START Data supplied
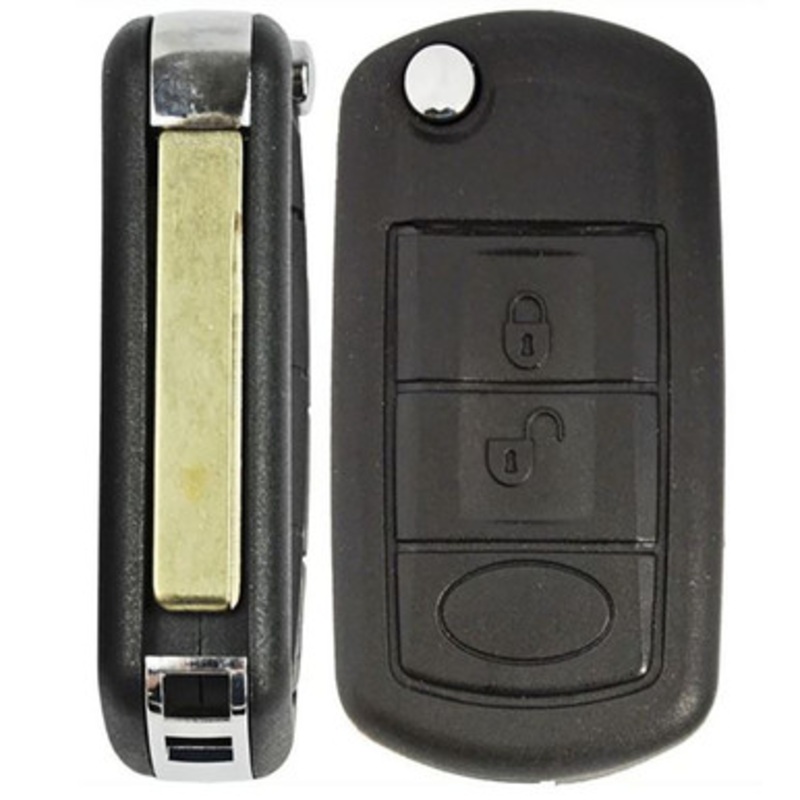 Land Rover Range Rover 3 Button Remote Flip Key HU92, NT8-15K6014CFFTXA, YWX000071, 315 MHz – Refurbished, Recase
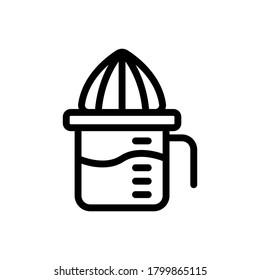 Squeezer (Kitchen Equipment) icon outline vector. isolated on white background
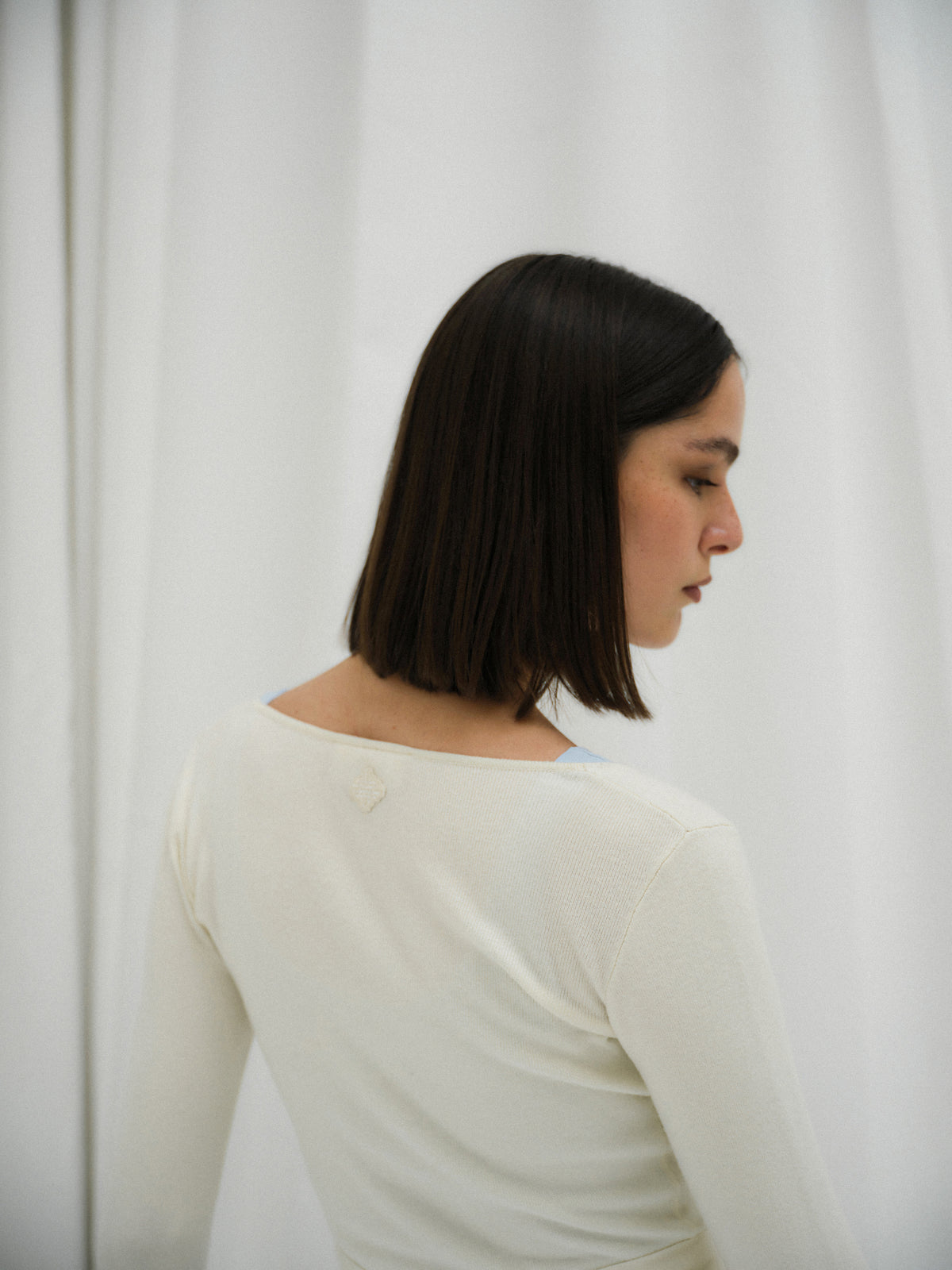 WRAP AROUND KNIT CARDIGAN - OFF WHITE
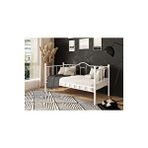 DZGN HOME Dzgn Home Kamelya Sedir Metal Karyola - Beyaz - 90 x 190 cm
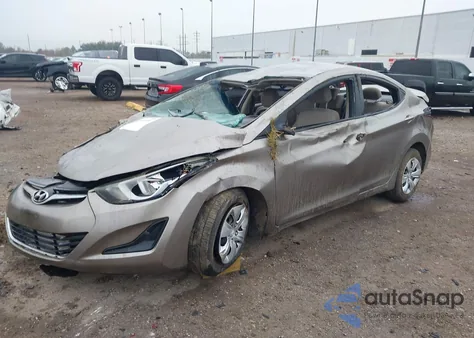 2016 Hyundai Elantra Se from USA, damaged, VIN 5NPDH4AE2GH759032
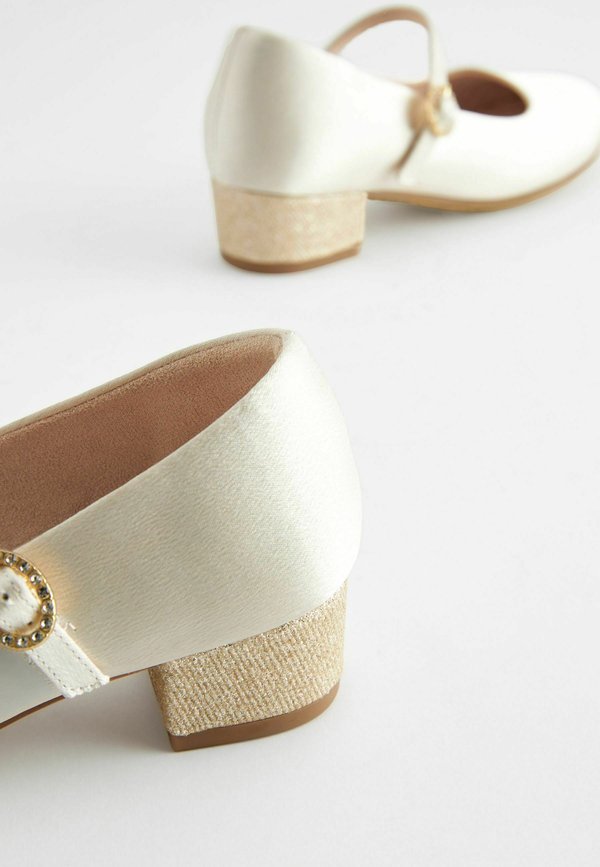 WIDE FIT MARY JANE BRIDESMAID – Riemchenballerina – ivory satin stain resistant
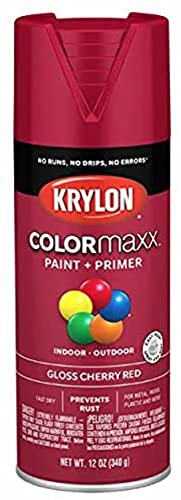 Krylon K05511007 12 Oz Cherry Red Gloss Colormaxx Spray Paint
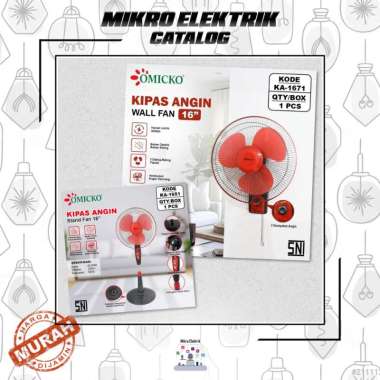 Kipas Angin OMICKO 16inch STANDFAN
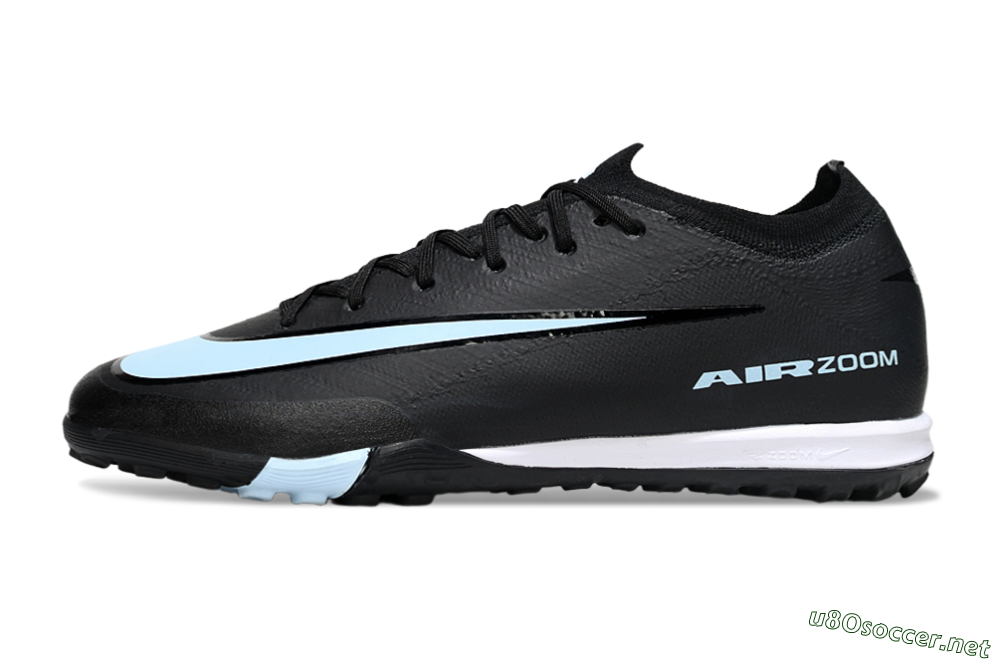 Unisex Nike Air Zoom Mercurial Vapor 16 Elite TF Football Shoes - Black/Jade/White 0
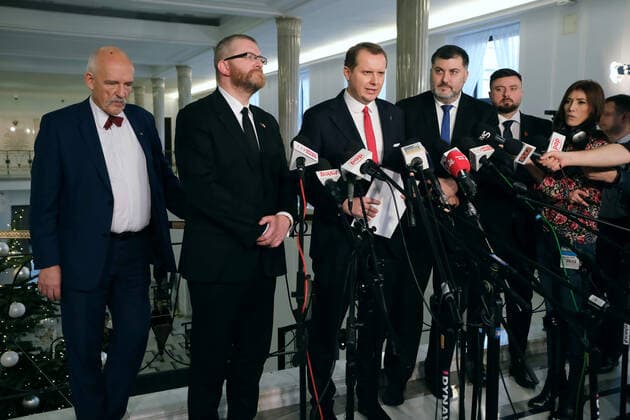WARSZAWA SEJM 20.12.2019 2 POSIEDZENIE SEJMU IX KADENCJI N Z JANUSZ KORWIN MIKKE GRZEGORZ BRAUN KRISTIAN KAMINSKI ARTUR DZIAMBOR KRZYSZTOF TUDUJ FOT.TEDI NEWSPIX.PL --- Newspix.pl  TEDI201219_57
END Data supplied
# About this task:
Only what runs from the line containing "WIDE FIT MARY" through the end of the entries above should be extracted, exactly and without pictures.

# Exercise response:
 WIDE FIT MARY JANE BRIDESMAID – Riemchenballerina – ivory satin stain resistant
 Krylon K05511007 12 Oz Cherry Red Gloss Colormaxx Spray Paint
 Kipas Angin OMICKO 16inch STANDFAN
 Unisex Nike Air Zoom Mercurial Vapor 16 Elite TF Football Shoes - Black/Jade/White 0
WARSZAWA SEJM 20.12.2019 2 POSIEDZENIE SEJMU IX KADENCJI N Z JANUSZ KORWIN MIKKE GRZEGORZ BRAUN KRISTIAN KAMINSKI ARTUR DZIAMBOR KRZYSZTOF TUDUJ FOT.TEDI NEWSPIX.PL --- Newspix.pl  TEDI201219_57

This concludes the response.